In the past ten years, ethical initiatives across all levels and segments of the gold jewellery sector have flourished. The supply chain is a complex one with a proliferation of companies and individuals playing their part in bringing products to market. The result is a web of complimentary, sometimes conflicting, and often overlapping schemes, each with their own priorities, timescales, and ultimate objectives.
Conflicts, politics, shifting allegiances, vested interests and many other factors are continually re-shaping the world in which we live.
The result is a complicated matrix that is not easy to navigate. Customers seeking greater understanding, and jewellers committed to the ideals of ethical trading find themselves baffled by the plethora of initiatives.

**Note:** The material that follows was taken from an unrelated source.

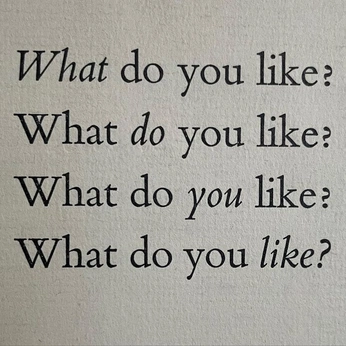 A cover of "I love" cluster. The owner is billieboo. The cluster consists of 99 elements.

That is why, in Britain, first the National Association of Goldsmith’s (N.A.G) and the British Jewellers’ Association (BJA), and most recently the Gem-A, have come together over the last 18 months to form a joint ethics working party to try and answer some of the more pressing questions; to put the plethora of initiatives in context and devise some straightforward and unambiguous guidance for jewellers.

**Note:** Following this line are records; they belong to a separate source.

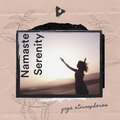 Namaste Serenity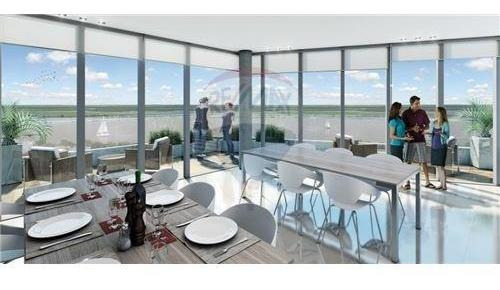 Imagen 9 de 25 de Venta Departamentos 1, 2, 3 Dorm - 48 Cuotas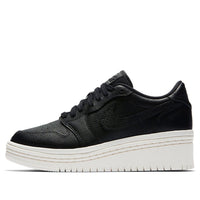 (WMNS) Air Jordan 1 Lifted 'Black' AO1334-014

This report details the sectors of the UK jewellery industry involved with the trade of gold. The objective of the study was to gain detailed understanding of the movement of gold in the supply chain, including the risks from designated conflict zones which affect gold trade and subsequently the gold supply chain.
Due to the gold’s use as both a high value product and as financial currency which is both portable and can be transported in various forms, there is high risk associated with the gold trade regarding security, its potential to finance criminal activity and its relative lack of traceability. Furthermore, the extraction of gold can be extremely dangerous, invoking serious effects on the communities around mine sites, ranging from social problems to severe human rights violations. In addition, lack of environmental stewardship, through to extreme environmental catastrophes bring further risk. Civil society, lobbyists and media bring these transgressions to the attention of the public and to consumers.
In 2011-2012 the ethics working party conducted a series of industry consultations and workshops to take stock of the issues of human rights, negative community impacts and environmental threats which exist within jewellery supply chains. Associations between the jewellery industry supply chains and negative impacts on producer communities, or trade with conflict zones may ultimately pose a threat to consumer confidence. The study then examined where bottle necks to progress existed and circumstances which may prevent ‘ethical’ objectives such as traceability, transparency, chain of custody and environmental stewardship from being successful.
Consultations also considered the impact of a selection of ethical initiatives on a cross section of the industry, giving consideration to both the ‘input’ of gold via primary gold mining sources and second-hand or scrap metal, then the ‘outputs’ of gold into the streams of commodity trading (investment) and consumer product gold (specifically jewellery).